Below are several records. Retype exactly those lines running from the one with "Geraldine Ferraro campaigning" through the one with "Tennis Rackets on", end lines included, and no others.

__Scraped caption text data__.

——

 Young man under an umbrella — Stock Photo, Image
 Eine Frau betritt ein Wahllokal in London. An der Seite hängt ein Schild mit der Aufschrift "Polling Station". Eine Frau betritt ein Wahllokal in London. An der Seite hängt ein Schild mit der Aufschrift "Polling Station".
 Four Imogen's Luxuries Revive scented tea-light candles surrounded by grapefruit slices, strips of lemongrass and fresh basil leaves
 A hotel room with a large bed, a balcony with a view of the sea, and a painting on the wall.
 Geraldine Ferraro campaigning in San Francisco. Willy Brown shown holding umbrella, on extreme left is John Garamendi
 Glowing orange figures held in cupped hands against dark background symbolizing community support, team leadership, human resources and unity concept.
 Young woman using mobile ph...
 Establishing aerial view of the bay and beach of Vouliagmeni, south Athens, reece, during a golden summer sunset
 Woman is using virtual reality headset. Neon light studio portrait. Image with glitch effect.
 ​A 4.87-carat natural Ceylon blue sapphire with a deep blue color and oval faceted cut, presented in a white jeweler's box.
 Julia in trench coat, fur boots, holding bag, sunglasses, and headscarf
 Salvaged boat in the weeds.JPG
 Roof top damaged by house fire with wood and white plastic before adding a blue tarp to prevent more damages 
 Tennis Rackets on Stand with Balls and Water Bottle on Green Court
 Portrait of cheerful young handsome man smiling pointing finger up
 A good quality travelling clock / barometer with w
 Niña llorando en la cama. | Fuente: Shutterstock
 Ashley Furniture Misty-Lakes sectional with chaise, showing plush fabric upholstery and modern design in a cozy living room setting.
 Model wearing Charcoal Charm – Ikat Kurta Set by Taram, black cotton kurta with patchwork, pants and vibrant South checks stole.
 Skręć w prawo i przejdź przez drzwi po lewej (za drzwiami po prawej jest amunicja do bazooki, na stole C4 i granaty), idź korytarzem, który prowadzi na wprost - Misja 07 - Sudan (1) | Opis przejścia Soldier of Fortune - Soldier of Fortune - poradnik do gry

——

__Solution for this task__.
 Geraldine Ferraro campaigning in San Francisco. Willy Brown shown holding umbrella, on extreme left is John Garamendi
 Glowing orange figures held in cupped hands against dark background symbolizing community support, team leadership, human resources and unity concept.
 Young woman using mobile ph...
 Establishing aerial view of the bay and beach of Vouliagmeni, south Athens, reece, during a golden summer sunset
 Woman is using virtual reality headset. Neon light studio portrait. Image with glitch effect.
 ​A 4.87-carat natural Ceylon blue sapphire with a deep blue color and oval faceted cut, presented in a white jeweler's box.
 Julia in trench coat, fur boots, holding bag, sunglasses, and headscarf
 Salvaged boat in the weeds.JPG
 Roof top damaged by house fire with wood and white plastic before adding a blue tarp to prevent more damages 
 Tennis Rackets on Stand with Balls and Water Bottle on Green Court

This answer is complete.